Noting that it takes an average of 200 days to detect a breach, Vanhaelen said, “these time frames are simply unacceptable…. Reducing threat notification and response processes needs to move from weeks or days to minutes. A contemporary security architecture must be adaptive and integrate defence, detection, response, and learning dimensions into an iterative process.
Even as CPS 234 sees APRA clamping down on cybersecurity practices – its assignation of cybersecurity responsibility to company boards was a warning shot that couldn’t be ignored – the impact of the declared breaches remains largely undetermined.
A recent Comparitech analysis of 33 data breaches, which hit 28 New York Stock Exchange-listed companies and each involved at least 1 million leaked records, shed some light on the potential impact that data breaches can have on investor confidence.
The share prices of the breached companies – which included Apple, Adobe, Anthem, Capital One, Facebook, Equifax, Home Depot, Marriott, Sony, Target, Under Armour and others – had fallen 7.27 percent two weeks after the breaches, on average, with the affected companies underperforming rival exchange NASDAQ by 4.18 percent.
Comparitech noted a surge in share prices in the six months after a breach – growing 7.4 percent on average, compared with 4.1 percent before the breach – but after two years those companies were underperforming NASDAQ by 12.88 percent.
Finance and payment companies noted the largest drops in share price, the analysis concluded, and healthcare companies were least affected.
Interestingly, the analysis noted, breaches that happened 2011 or earlier were correlated with larger drops in share price than those in recent years.
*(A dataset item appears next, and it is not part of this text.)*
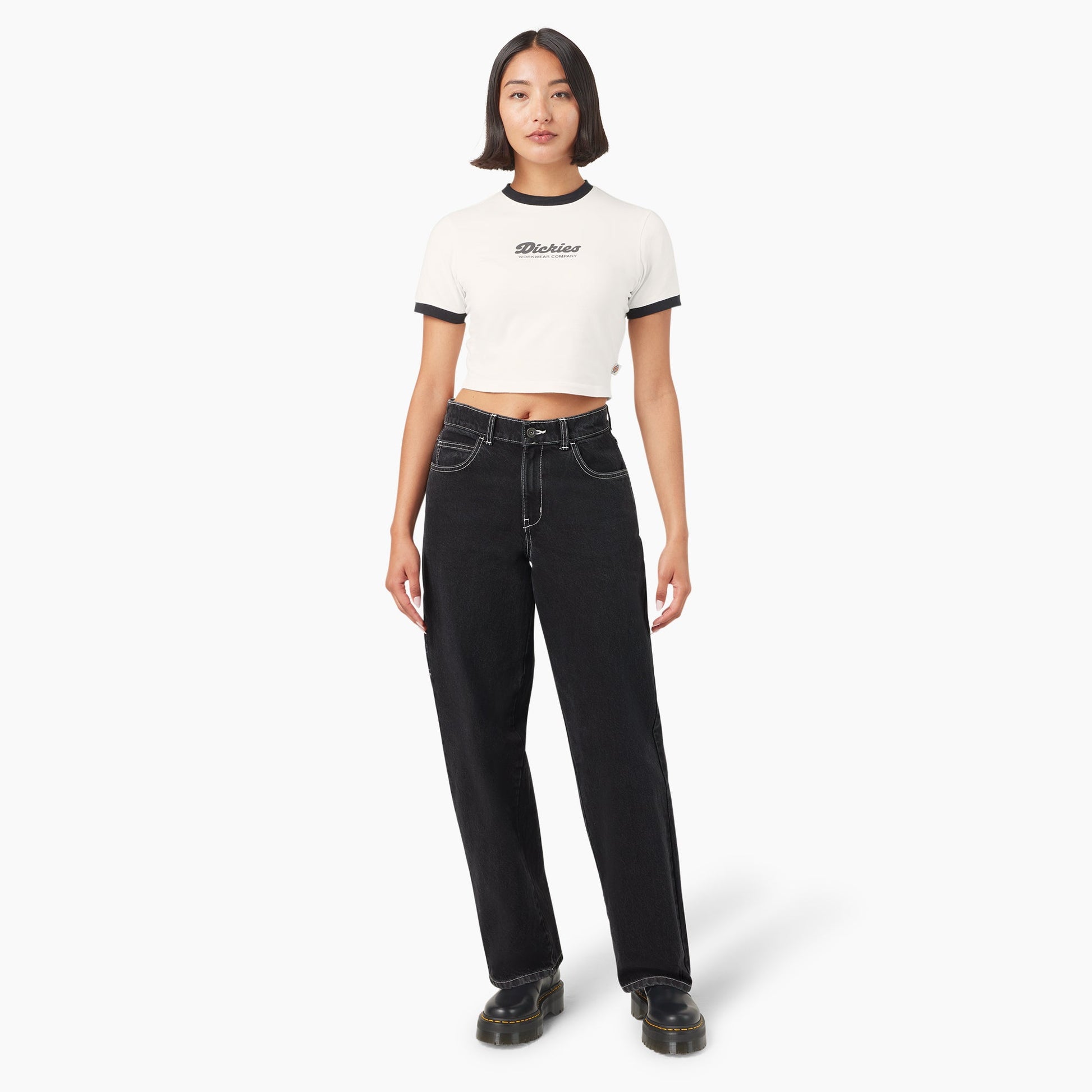 Dickies Women’s Lewistown Cropped Ringer T-Shirt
Although those companies “were already performing poorly” during the 6 months before their breaches, Comparitech posited that this was due to “breach fatigue” that saw investors become acclimated to breaches over time.
Contrary to expectations, there was a negative correlation between share price changes and the size of the breach, with larger companies “able to shake it off and ultimately outperform the market, whereas companies with smaller breaches lagged behind six months on.”
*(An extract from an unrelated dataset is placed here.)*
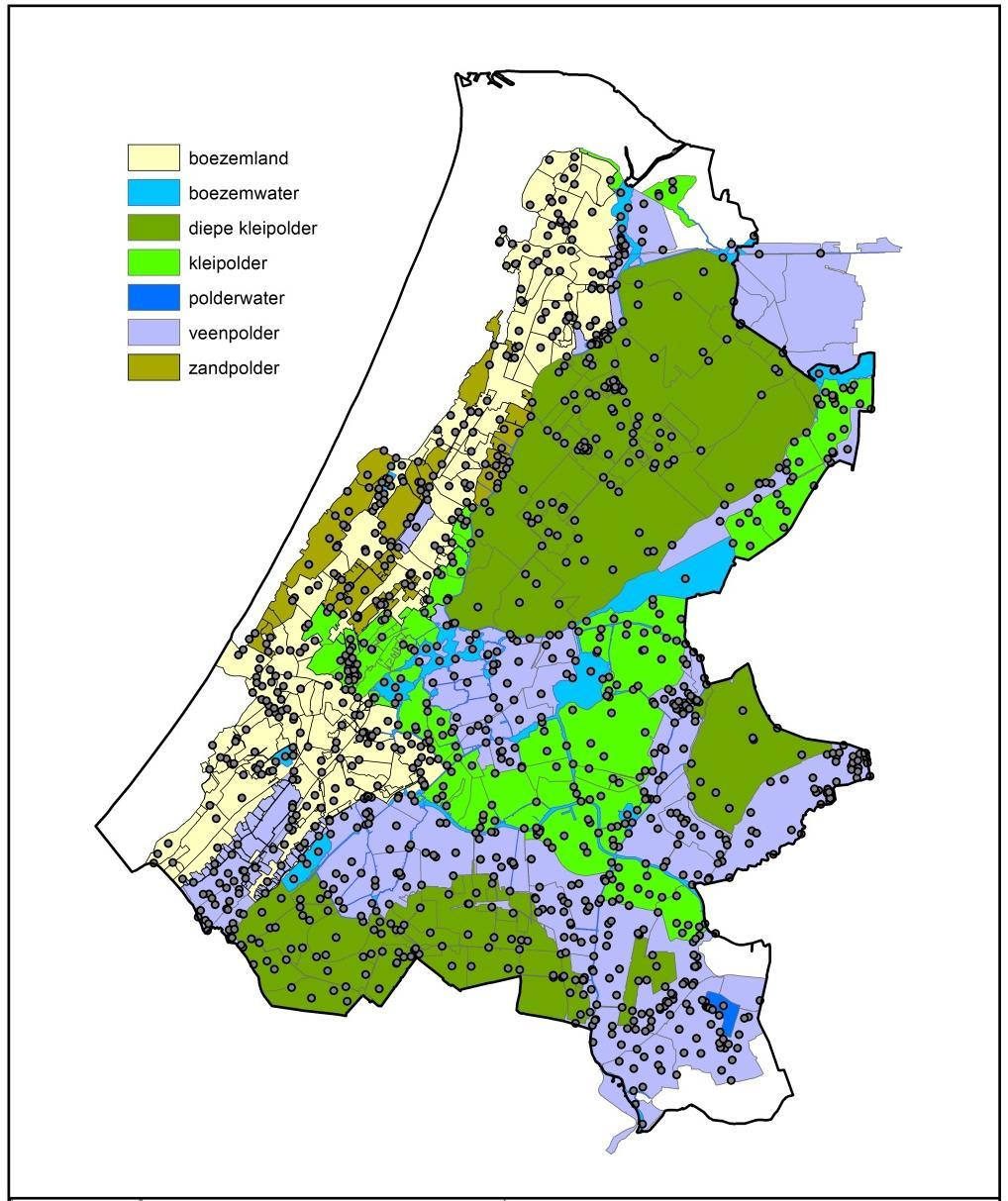 Bijlage 2. Trendgrafieken waterkwaliteit In deze bijlage worden de ontwikkelingen weergegeven in de waterkwaliteit voor de parameters Totaal fosfor en Totaal stikstof binnen Rijnland.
Companies leaking “highly sensitive information” like credit and debit card numbers, or social-security numbers, saw sharp drops in share price performance – and performed worse in the six months following a breach than the six months prior.
Given the many potential repercussions for data breaches – which, thanks to CPS 234, now include censure of financial-service company executives and board members – it has yet to be seen how, or even if, the breaches APRA reported will affect the companies’ share prices.
The regulator will be watching closely, Summerhayes said, noting that “there is room for improvement in the industry” and presaging an independent assessment of CPS 234 compliance “in due course.”
“APRA’s role in this process is to ensure regulated institutions are resilient to cyber-attacks through prevention, detection and response capabilities,” he said.
“We’ll be increasingly challenging entities in this area by utilising data driven insights to prioritise and tailor our supervisory activities…. We’ve set the floor with CPS 234 and will be enforcing these legally-binding minimum standards in a ‘constructively tough’ manner.”